_PROBLEM TO SOLVE:_ Only the lines from the one containing "女款白色刺绣水溶花香玫瑰魅魔" to the end of the entries should be written out, each exactly as it stands, both ends included.

(Records drawn from a dataset)
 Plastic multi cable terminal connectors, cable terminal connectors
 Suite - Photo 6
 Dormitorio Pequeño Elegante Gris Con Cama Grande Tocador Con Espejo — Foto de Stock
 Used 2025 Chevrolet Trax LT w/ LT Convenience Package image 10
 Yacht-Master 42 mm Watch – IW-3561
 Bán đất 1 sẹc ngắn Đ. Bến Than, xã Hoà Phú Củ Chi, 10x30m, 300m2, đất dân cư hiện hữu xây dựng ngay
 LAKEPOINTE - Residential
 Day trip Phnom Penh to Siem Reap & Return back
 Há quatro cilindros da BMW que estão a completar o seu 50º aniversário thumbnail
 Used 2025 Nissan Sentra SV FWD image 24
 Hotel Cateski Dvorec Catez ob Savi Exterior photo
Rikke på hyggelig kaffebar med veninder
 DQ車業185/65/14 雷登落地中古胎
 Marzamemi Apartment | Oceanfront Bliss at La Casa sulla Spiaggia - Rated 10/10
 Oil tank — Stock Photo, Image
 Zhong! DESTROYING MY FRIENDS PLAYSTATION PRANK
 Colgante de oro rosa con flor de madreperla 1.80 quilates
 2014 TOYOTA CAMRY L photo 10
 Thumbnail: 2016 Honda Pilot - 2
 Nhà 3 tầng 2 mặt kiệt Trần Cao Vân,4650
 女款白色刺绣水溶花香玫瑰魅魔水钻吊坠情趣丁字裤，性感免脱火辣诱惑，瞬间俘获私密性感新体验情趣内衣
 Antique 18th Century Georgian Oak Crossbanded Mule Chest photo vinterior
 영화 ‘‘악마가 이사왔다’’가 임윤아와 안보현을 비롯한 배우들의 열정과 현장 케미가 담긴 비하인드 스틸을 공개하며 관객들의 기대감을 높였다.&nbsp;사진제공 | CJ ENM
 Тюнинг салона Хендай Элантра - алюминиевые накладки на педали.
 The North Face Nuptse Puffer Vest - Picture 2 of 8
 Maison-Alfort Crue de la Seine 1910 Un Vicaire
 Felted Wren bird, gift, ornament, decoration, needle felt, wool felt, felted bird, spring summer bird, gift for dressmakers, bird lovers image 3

_TASK SOLUTION:_
 女款白色刺绣水溶花香玫瑰魅魔水钻吊坠情趣丁字裤，性感免脱火辣诱惑，瞬间俘获私密性感新体验情趣内衣
 Antique 18th Century Georgian Oak Crossbanded Mule Chest photo vinterior
 영화 ‘‘악마가 이사왔다’’가 임윤아와 안보현을 비롯한 배우들의 열정과 현장 케미가 담긴 비하인드 스틸을 공개하며 관객들의 기대감을 높였다.&nbsp;사진제공 | CJ ENM
 Тюнинг салона Хендай Элантра - алюминиевые накладки на педали.
 The North Face Nuptse Puffer Vest - Picture 2 of 8
 Maison-Alfort Crue de la Seine 1910 Un Vicaire
 Felted Wren bird, gift, ornament, decoration, needle felt, wool felt, felted bird, spring summer bird, gift for dressmakers, bird lovers image 3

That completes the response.